**Exercise objective:**
Omitting all pictures, retype the entries below exactly as given.

**Input data:**
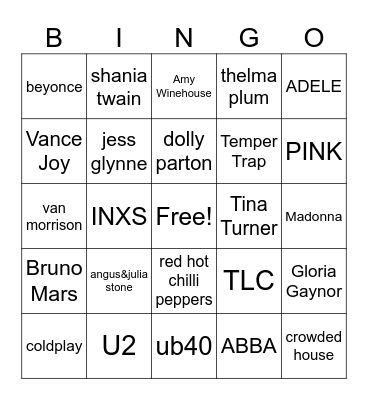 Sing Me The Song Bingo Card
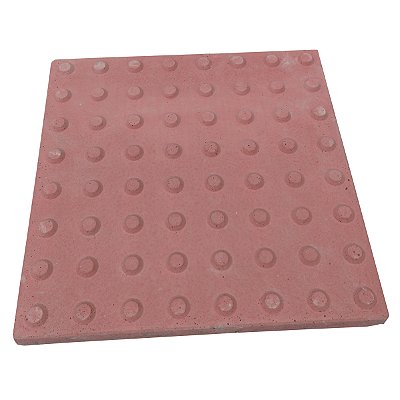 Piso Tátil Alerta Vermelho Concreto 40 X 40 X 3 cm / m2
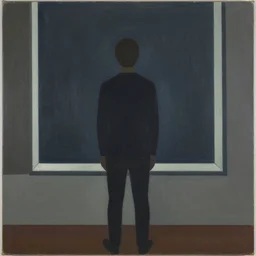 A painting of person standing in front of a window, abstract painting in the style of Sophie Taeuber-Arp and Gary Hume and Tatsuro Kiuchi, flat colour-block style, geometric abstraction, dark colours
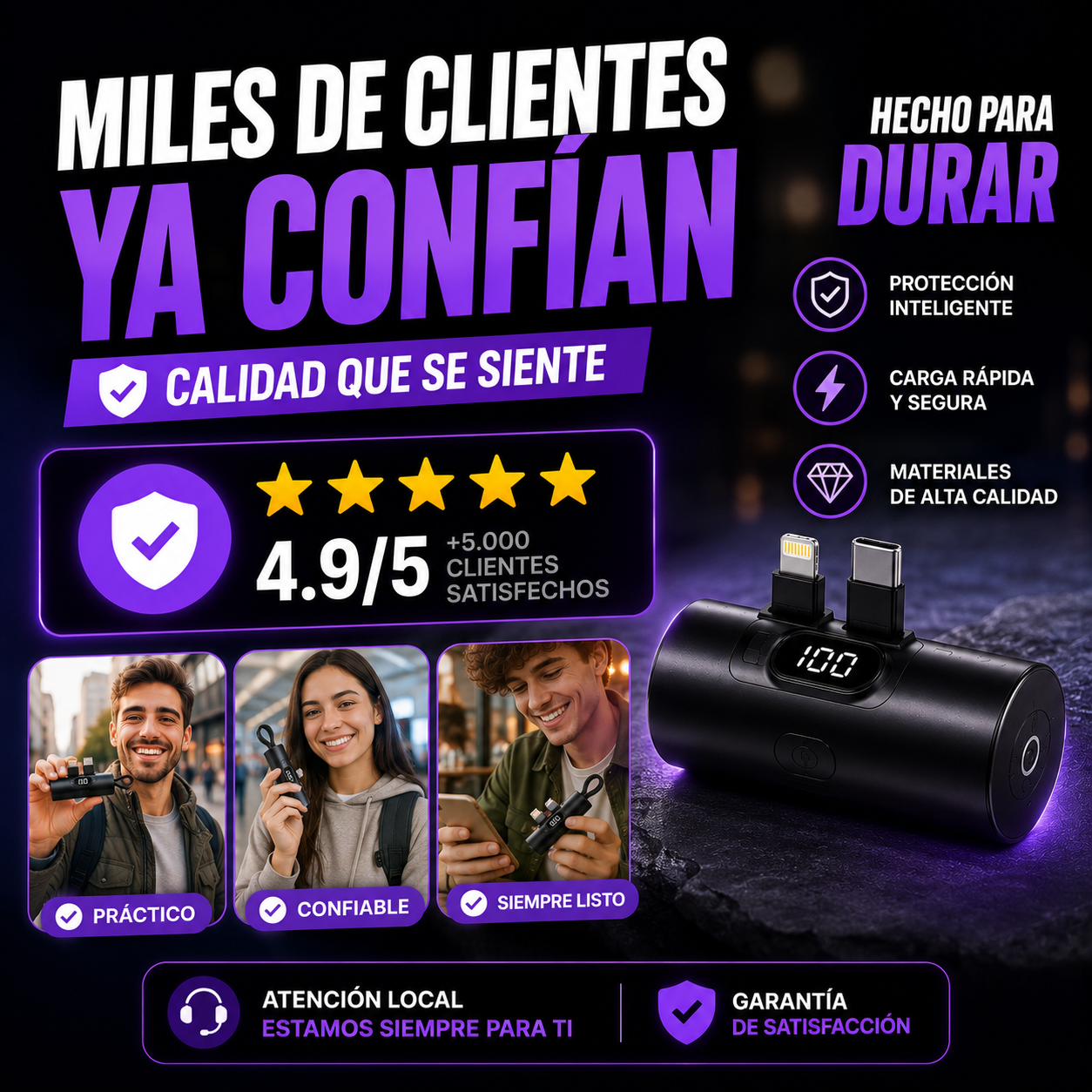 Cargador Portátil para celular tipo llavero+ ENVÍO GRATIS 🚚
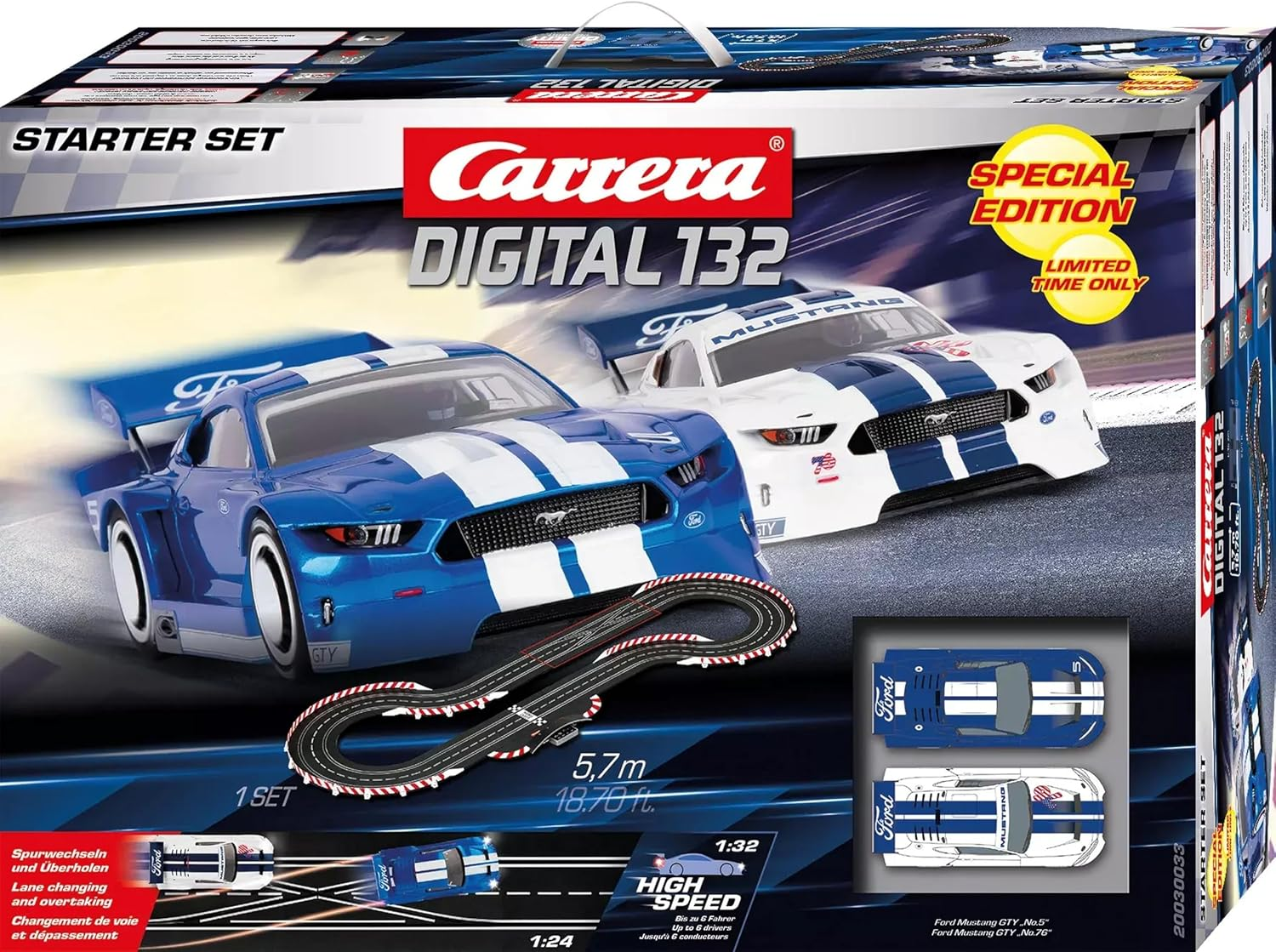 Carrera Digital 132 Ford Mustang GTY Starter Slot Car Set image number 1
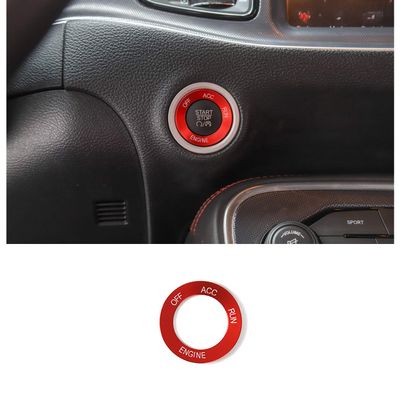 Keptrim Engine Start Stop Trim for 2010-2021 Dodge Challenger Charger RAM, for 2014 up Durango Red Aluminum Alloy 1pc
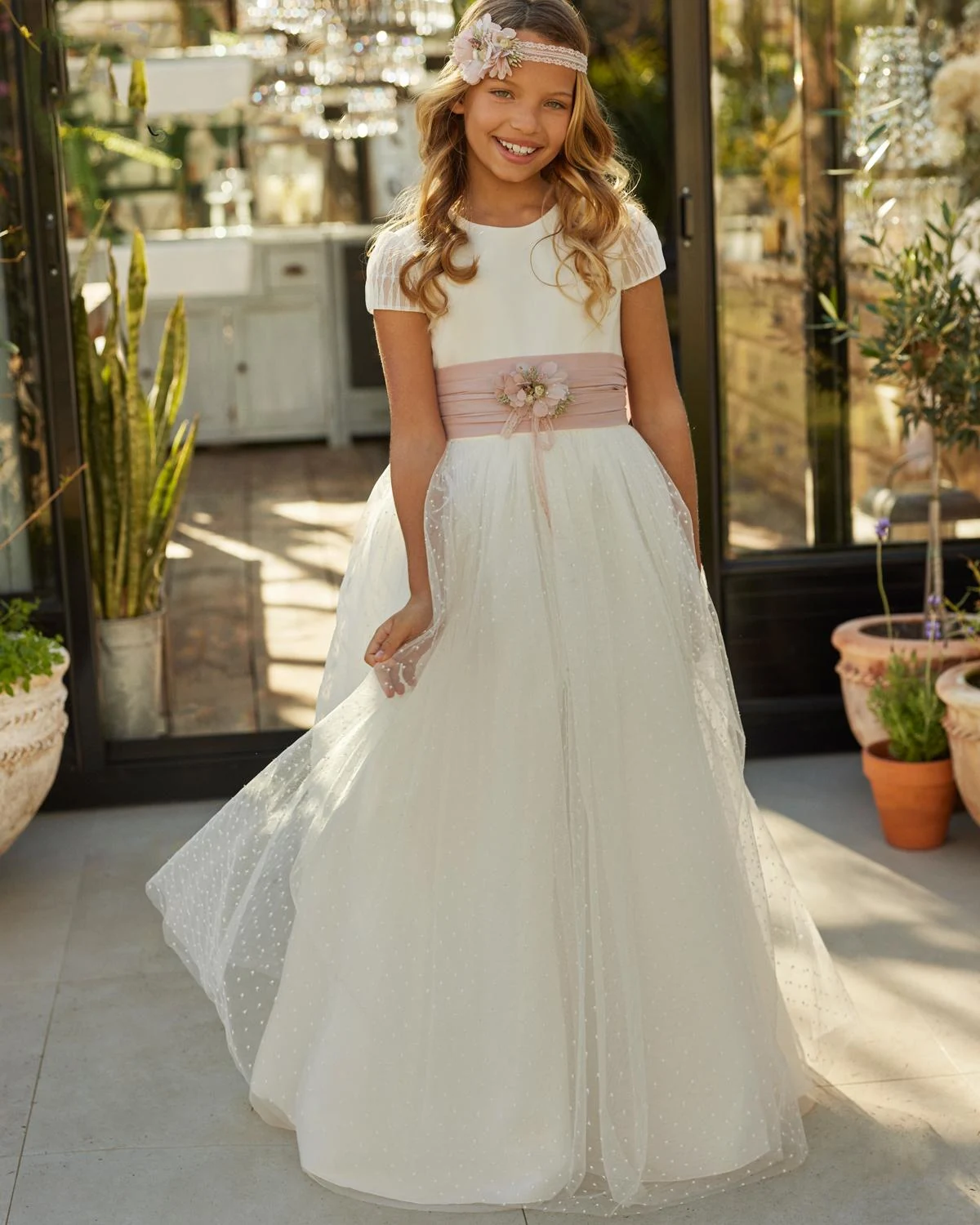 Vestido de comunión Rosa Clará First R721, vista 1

**Written answer:**
 Sing Me The Song Bingo Card
 Piso Tátil Alerta Vermelho Concreto 40 X 40 X 3 cm / m2
 A painting of person standing in front of a window, abstract painting in the style of Sophie Taeuber-Arp and Gary Hume and Tatsuro Kiuchi, flat colour-block style, geometric abstraction, dark colours
 Cargador Portátil para celular tipo llavero+ ENVÍO GRATIS 🚚
 Carrera Digital 132 Ford Mustang GTY Starter Slot Car Set image number 1
 Keptrim Engine Start Stop Trim for 2010-2021 Dodge Challenger Charger RAM, for 2014 up Durango Red Aluminum Alloy 1pc
 Vestido de comunión Rosa Clará First R721, vista 1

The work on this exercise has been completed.